The phone rang as I was wrestling with my morning commute. It was the brother. He was disappointed. He had checked my blog in the morning expecting to see an April Fools prank in the works. (I often times try to honor the occasion with a joke or two.) This year I woke up almost an hour late for school, flew through a shower, and tore out of my neighborhood. No time for a prank.

He was disappointed. The conversation eventually turned to other topics. His kids and their germs. Work. Traffic. Spring Break. My brother and his family are heading out of town to a time share somewhere in VA. A week away. Good for them. Too bad for my brother that their vacationing in a dry county. They'll have to pack a cooler full of beer and hope it last the week. Or drive to the next county to restock their fridge.

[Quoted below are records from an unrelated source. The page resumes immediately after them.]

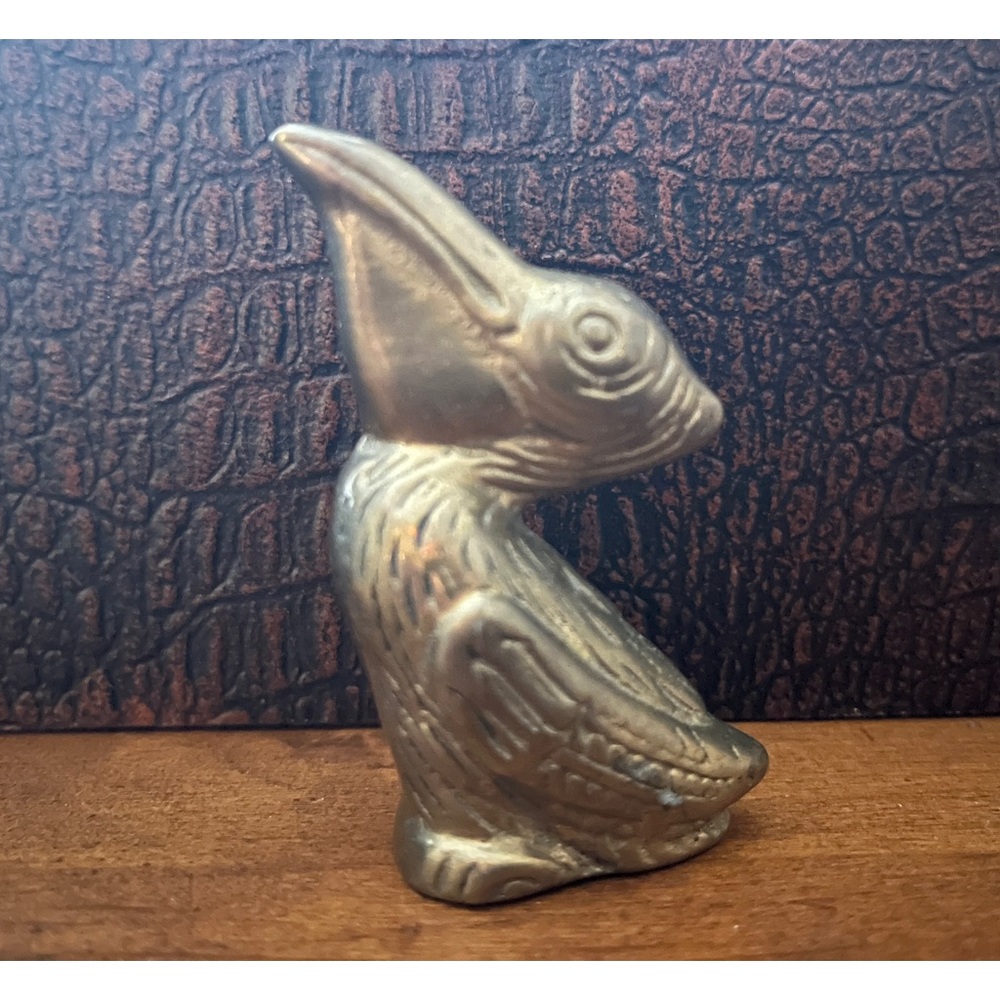 Vintage Solid Brass Pelican Figurine 2.5”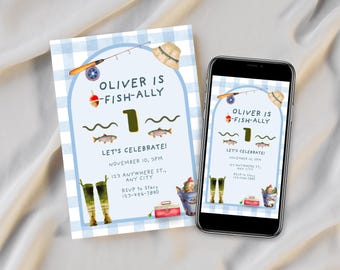 Invitación de cumpleaños con temática de pesca / Cumpleaños de niño con temática de pesca / Plantilla editable de Canva para el primer cumpleaños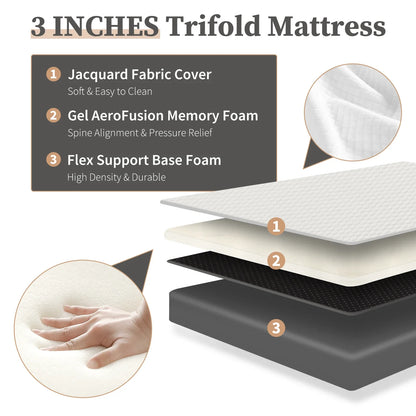Three-Fold Portable Floor Bed – CertiPUR-US Certified, Soft Touch, Flexible Zipper for Travel, Camping & Yoga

'What? Mom didn't tell me that! Man, that sucks.'

You know what really sucks? Calling me to complain that I've dropped the ball and neglected my trickster duties, and then falling for a my 'dry county' joke. (The same conversation! In the same conversation I fooled your gullible ass into believing that you'll be stuck in a dry county for a week.) Hook, Line & Sinker!

So I left the punchline hanging in the air. I never told him I was kidding. My mother laughed. My sister-in-law called me to ask if I was ever going to let him in on the joke. We both agree, it's funnier if I just let it go until he reads about it here after returning from vacation in that 'dry county'. Granted... not the most intricate of deceptions but if you know my brother this one will hit him where it hurts!

I'm sure he'll say he saw through the ruse, never really believed it. The fact that he mentioned it to his wife later proves otherwise, and I'm sure his liquor store receipts would sing another tune.